The City of Los Angeles cut the power at a Hollywood Hills mansion rented by the TikTok stars Bryce Hall, Noah Beck and Blake Gray on Wednesday in response to parties held at the residence amid the coronavirus crisis.
Mr. Hall hosted a party for his 21st birthday on Friday, Aug. 14; footage from the event posted to Instagram shows dozens of attendees crowded together in one room. After neighbors called in noise complaints, the event was shut down by the Los Angeles Police Department.
That party took place at a rental home in Encino, not the Hollywood Hills home where the power was turned off on Wednesday, though Mr. Hall has hosted parties there too. (Mr. Hall declined to comment for this article.)
On Wednesday, the Los Angeles mayor’s office confirmed that the city had cut the power at Mr. Hall’s residence. Mayor Eric Garcetti said in a statement that the city had been authorized to disconnect utilities, which include water and gas.
“Despite several warnings, this house has turned into a nightclub in the hills, hosting large gatherings in flagrant violation of our public health orders,” Mr. Garcetti said in the statement. “The city has now disconnected utilities at this home to stop these parties that endanger our community.”

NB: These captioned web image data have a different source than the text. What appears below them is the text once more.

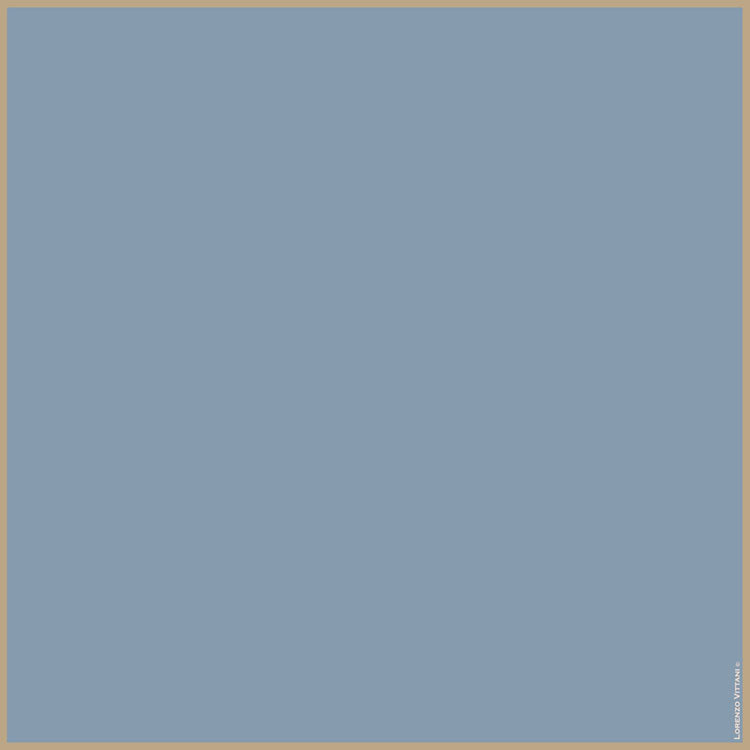 Shoestring Border, Dusty Blue/Sand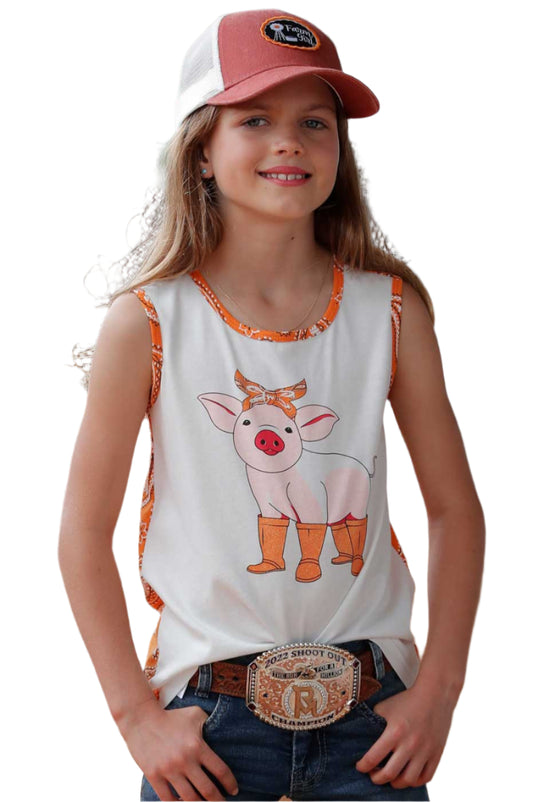 CRUEL GIRLS BANDANA PRINT PIG GRAPHIC TANK - ORANGE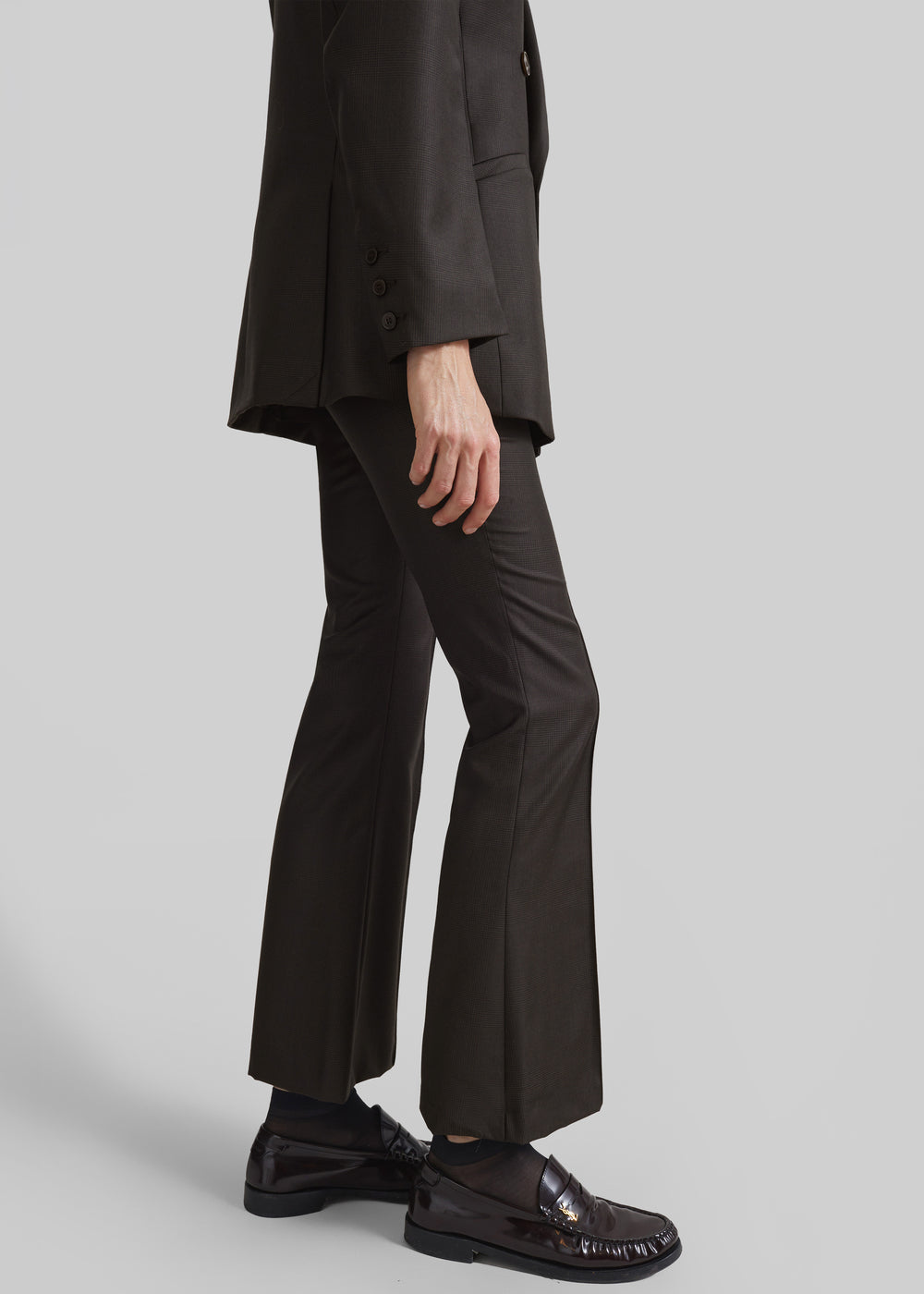 Dessa Wool Flared Pants - Brown Glen Plaid - 1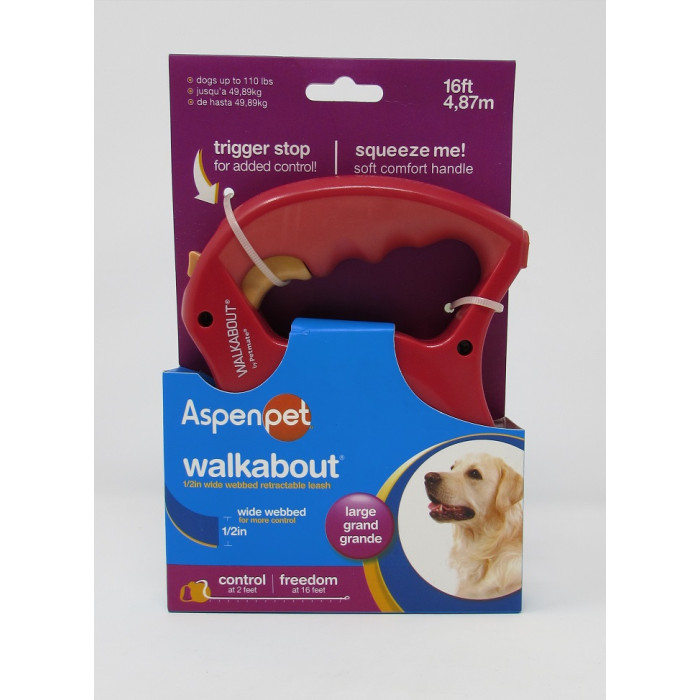 TIRADOR RETRACTIL PETMATE ASPEN WALK. NEGRO GRANDE (BASICO) REF. 30676
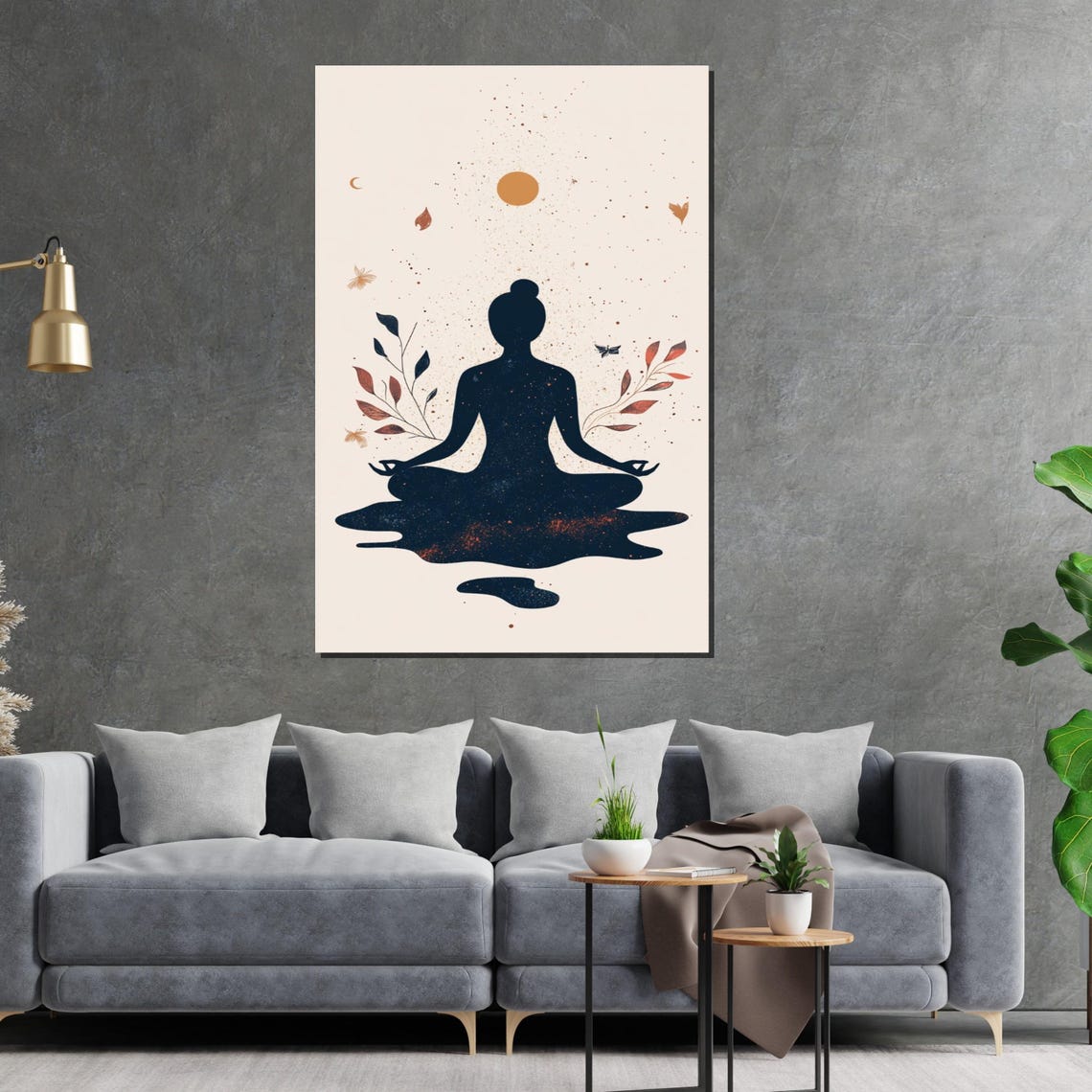 Zen Meditating Woman Botanical Minimalist Serene Boho Yoga Poster - Image 2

On Aug. 4, the Los Angeles County Department of Public Health issued a warning about large parties during the virus outbreak. “The highest-risk settings are large in-person gatherings where it is difficult for individuals to remain spaced at least six feet apart and where face coverings are not worn,” the statement said. “The consequences of these large parties ripple throughout our entire community because the virus can quickly and easily spread.”
The next day, Mr. Garcetti announced that the city would be shutting off the utilities at any address found to be hosting large gatherings.
In his previous home, the Sway House, in the Bel Air section of Los Angeles, Mr. Hall and his housemates received noise complaints from neighbors after hosting several events early on in the pandemic.
That was before the region had an increase in coronavirus cases, leading to rising deaths and hospitalizations. Last month, California surpassed New York in terms of known cases. Still, several Gen Z influencers have been criticized for their disregard of warnings from public health officials in favor of partying.
In July, the Hype House, another influencer mansion in the Hollywood Hills, hosted a party with around 70 attendees and hundreds more outside waiting to get in. The YouTuber Jake Paul hosted a large, crowded party at his home in Calabasas in July. Other TikTok influencer houses, including the Clubhouse and Not a Content House, have hosted events this month.
The YouTuber Tyler Oakley has been an outspoken critic of the parties. On Aug. 15, he tagged Mr. Hall in a tweet.
“hi @BryceHall @jadenhossler @BlakeGray @JoshRichards & others who have been partying with large groups – please consider social distancing, mask wearing, & using your huge platforms to encourage responsibility during a worldwide pandemic,” he wrote, linking to a thread of videos from Mr. Hall’s 21st birthday party. Mr. Oakley described the footage as “disgusting.”